Top of Data records

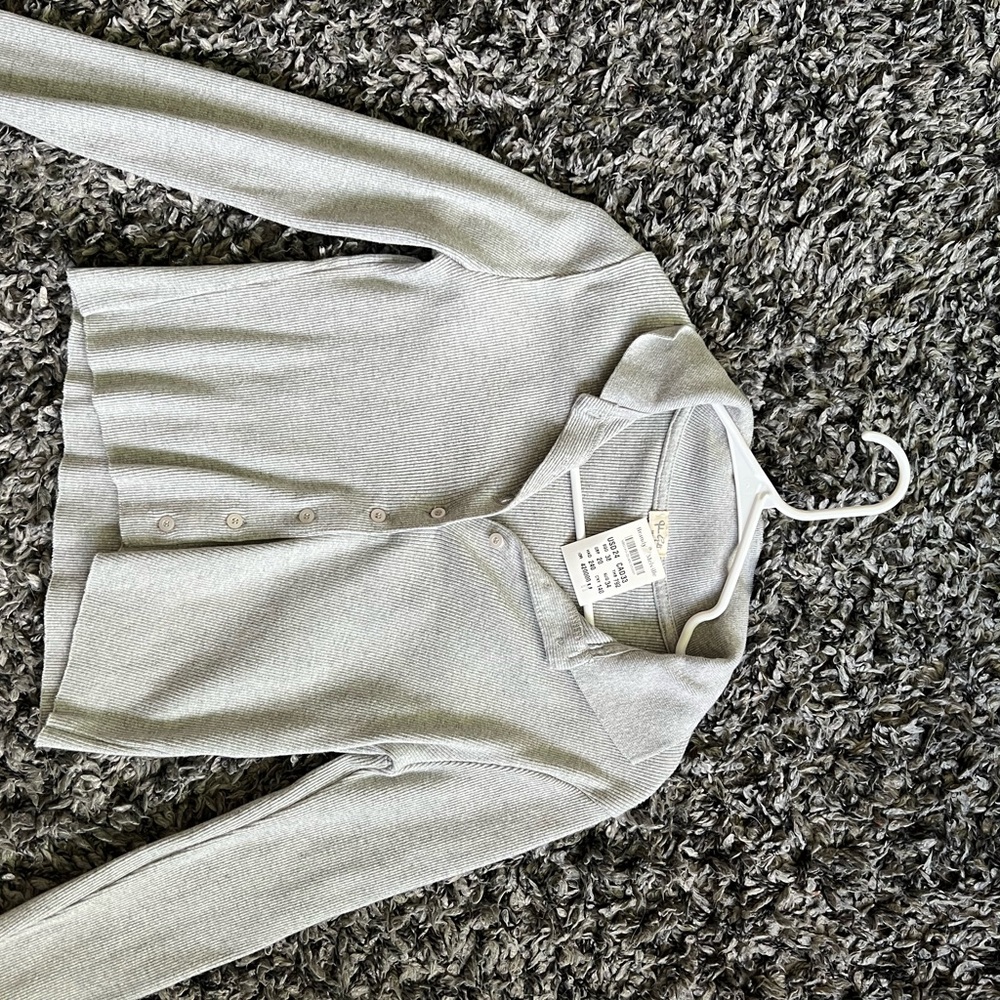 Brandy Melville grey button up polo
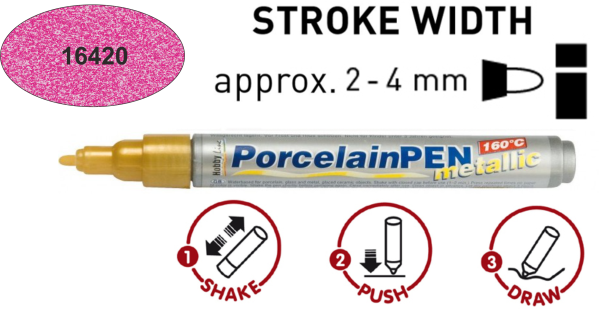 PORCELAIN METALLIC PEN - Металик маркер за порцелан - Metallic Pink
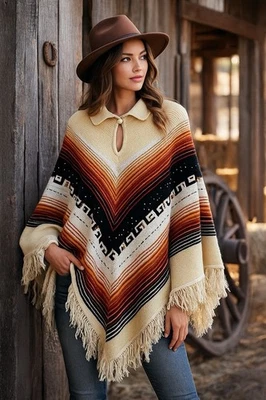 Poncho con flecos tejido Southwestern capa con cuello - cálido patrón Chevron atardecer Foto 1 de 4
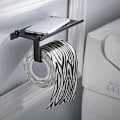 Pikkukuva 3 / 9: Eurooppalaistyylinen kylpyhuoneen wc-paperiteline ja -laatikko - musta, tilaa säästävä alumiininen paperi- ja puhelinteline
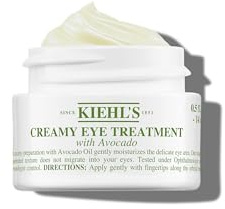 Kiehl's Avocado Eye Treatment, Nourishing and Hydrating Eye Cream, Avocado Oil and Caffeine to Energize and Invigorate Skin, Tired Eyes, 99% Naturally Derived Formula - 0.5 fl oz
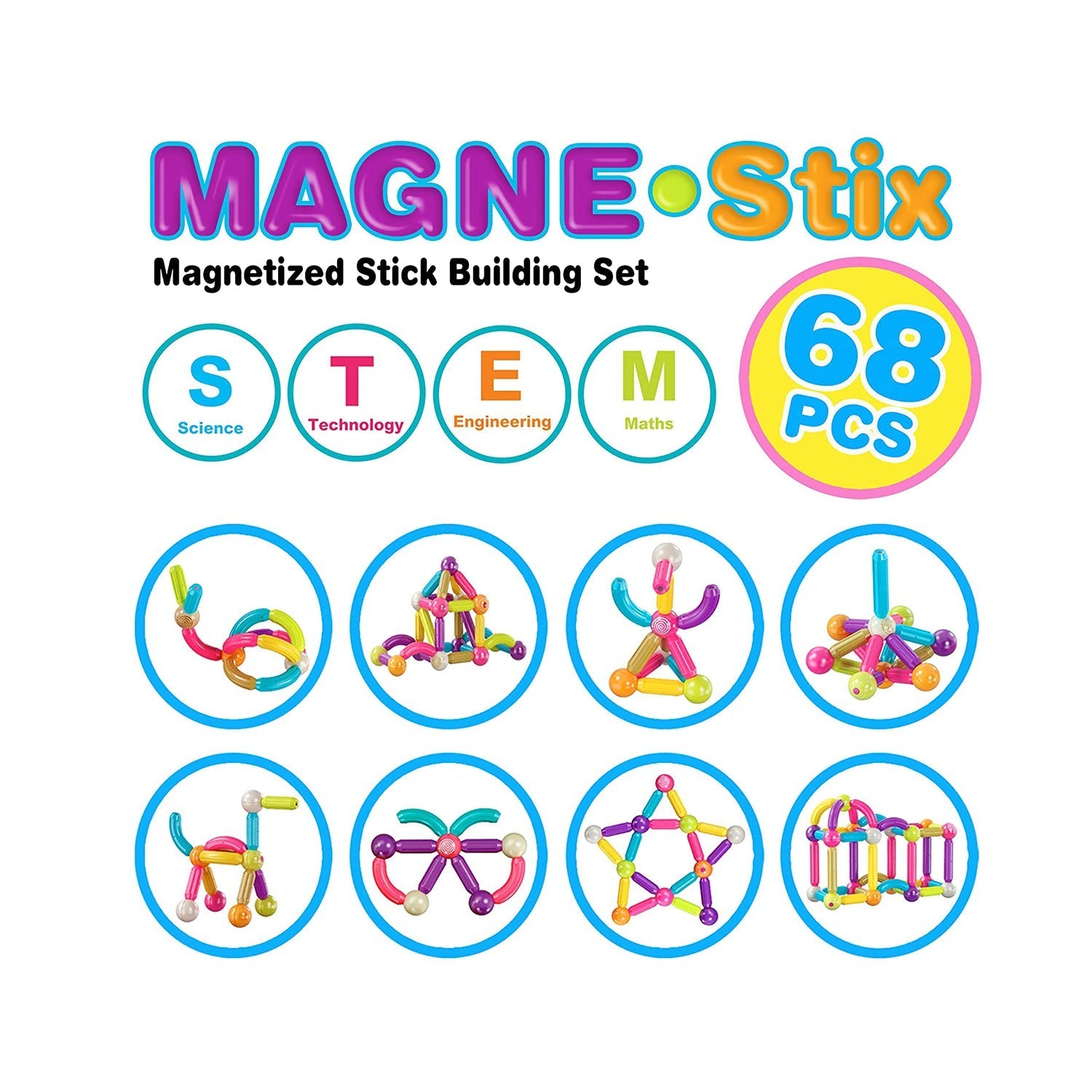 Contixo ST2 Magnetic Building Set 68-Piece STEM Toy for Creative Kids by Contixo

Bottom of Data records

### Your instructions
Once the line with "Pikkukuva 3 /" is found, write out that line and every later line of the listing above exactly, through the last one, and skip any pictures.

### Your response
 Pikkukuva 3 / 9: Eurooppalaistyylinen kylpyhuoneen wc-paperiteline ja -laatikko - musta, tilaa säästävä alumiininen paperi- ja puhelinteline
 Kiehl's Avocado Eye Treatment, Nourishing and Hydrating Eye Cream, Avocado Oil and Caffeine to Energize and Invigorate Skin, Tired Eyes, 99% Naturally Derived Formula - 0.5 fl oz
 Contixo ST2 Magnetic Building Set 68-Piece STEM Toy for Creative Kids by Contixo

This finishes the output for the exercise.